I only had one person schedule to audition for Harry, so asked someone who auditioned for Max, who I thought would work for the role, if he would consider Harry. He said he was fine with that. So I have to decide between two guys for Harry. For Max I’ve had/ am having 5 people (one now dual purpose), while I’ve had/am having 5 for Kayla (two of which are also being considered for Velma). Velma has got the most love, for some reason, with 7 auditions (two, as mention, also under consideration for Kayla).
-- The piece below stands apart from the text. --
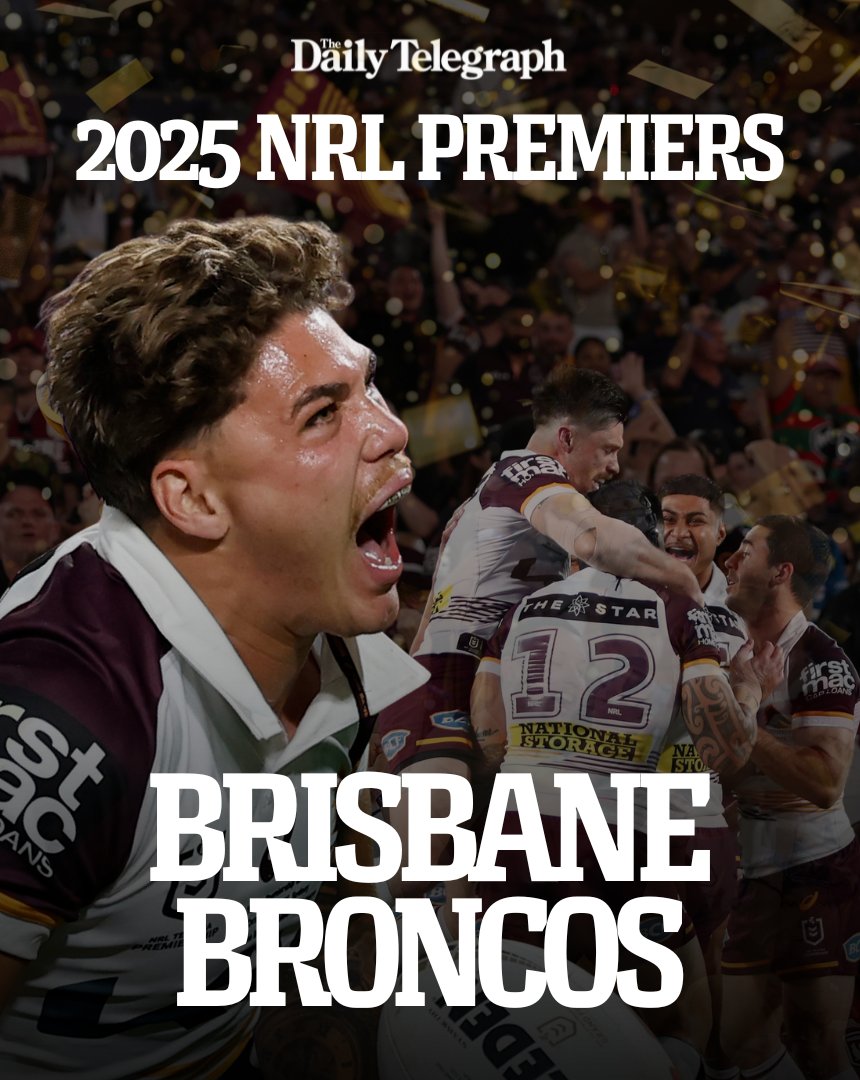 #BREAKING: The Brisbane Broncos are the 2025 #NRL Premiers after a nail-biting finish at Accor Stadium! 
DETAILS: bit.ly/46TvNdm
No one who has shown up has felt incompatible with the role they were auditioning for. Which is not to say they all felt the same. They each had their own distinct take on the characters, some of which I felt really resonated with what was floating around in my mind. I’m glad that I’ve had so many excellent candidates who have shown up, but that means I have to say ‘no thanks’ to 12 (well, 11, since one took herself out of the running regarding the singing) perfectly good actors. When I mention this to any of them they all basically say the same thing, that they’re used to being told ‘no.’ I guess I am as well, when it comes to asking investors for money or contacting companies about one invention or another, so I suppose I shouldn’t be so shocked.
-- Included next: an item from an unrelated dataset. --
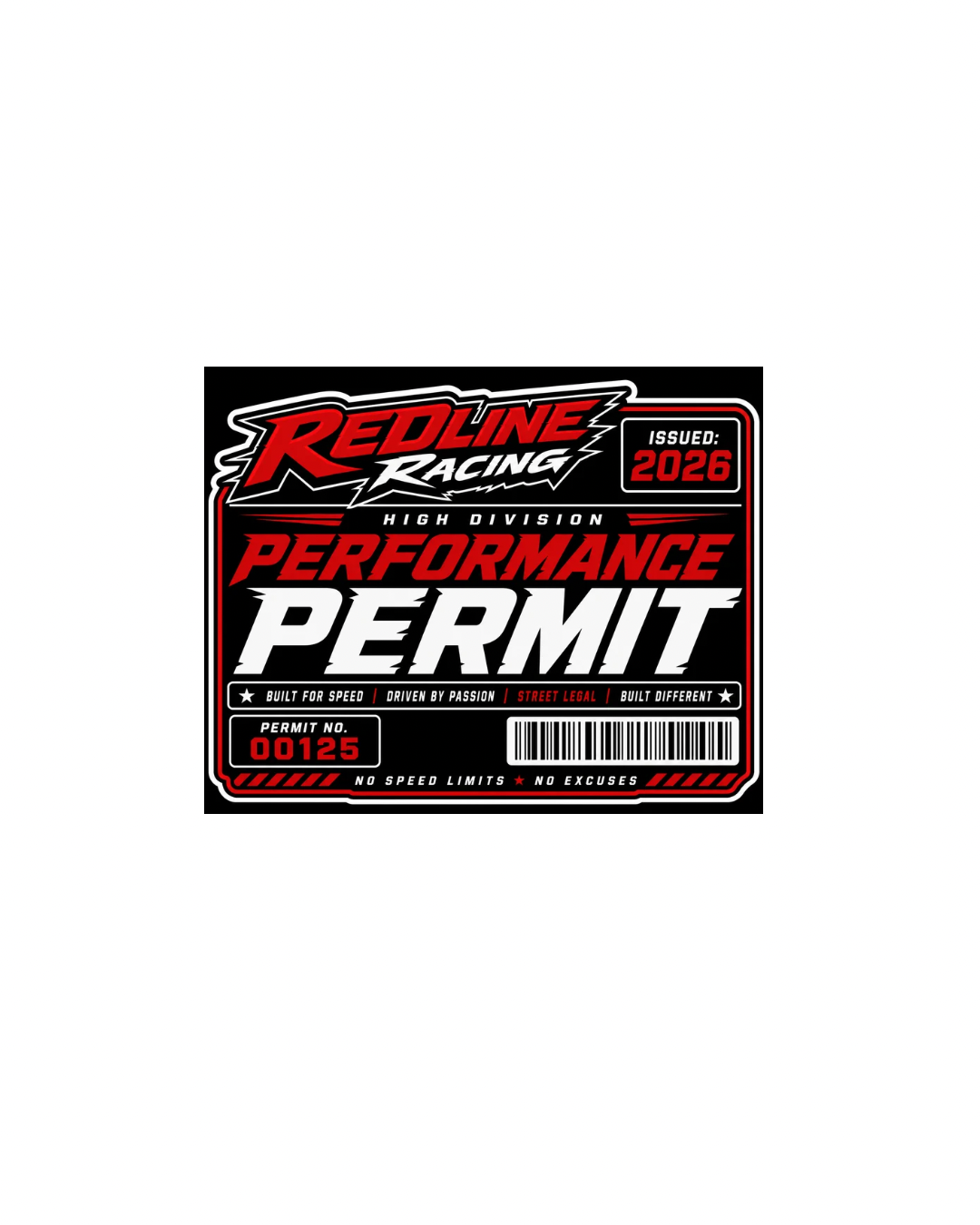 REDLINE RACING PERMIT STICKER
I was initially planning on doing auditions at my house in Maryland. Then I was advised by pretty much everyone that doing so was a really bad idea. I did a bunch of research on public venues for auditions and couldn’t find anything free. The cheapest, including local libraries, was $20 an hour. Since that put a lot of constraints on the times the actors would have to be available, I suggested, in my TMI request for an audition, that they could meet at my house over a much wider period of time. All but one elected to meet at the house. I met one at a local Panera Bread; she was OK with the distractions.
I’ve enjoyed meeting all these people. While I still have issues with my overflowing babble, I have managed to keep a couple close to my original goal of 15 minutes. My average was actually starting to look pretty good, until yesterday. One of the actors is studying to be a programmer (what I do for a living) and I couldn’t help myself, I offered tons of unsolicited advice on how not to be a crappy programmer. Then I met another actor and we talked for 2 hours. I hold her equally as responsible for the length, but I really enjoyed the conversation and see potential to work together even if things don’t work out for this role on this movie.
Tuesday is when I need to start making decisions. I still want to do chemistry tests with the leads, which might mean approaching someone I initially said no to, but I’m expecting these professional actors will be able to work together. I hope to do the chemistry tests very soon, ideally in the next week or so (it’s more complicated now since 5 people need to schedule to be together instead of just two), so I can lock the cast down and start planning rehearsals.
It’s still fun and I’m still enjoying myself, so I’m optimistic I’ll enjoy the actual directing part. Besides, I’ve read in so many places if I do a good job casting, most of the work is done, as the actors will take ownership of the role and that will be obvious on the screen. Then the second question left to be resolved: can I direct and edit something that people will enjoy watching enough to tell their friends and watch again. That’s still open.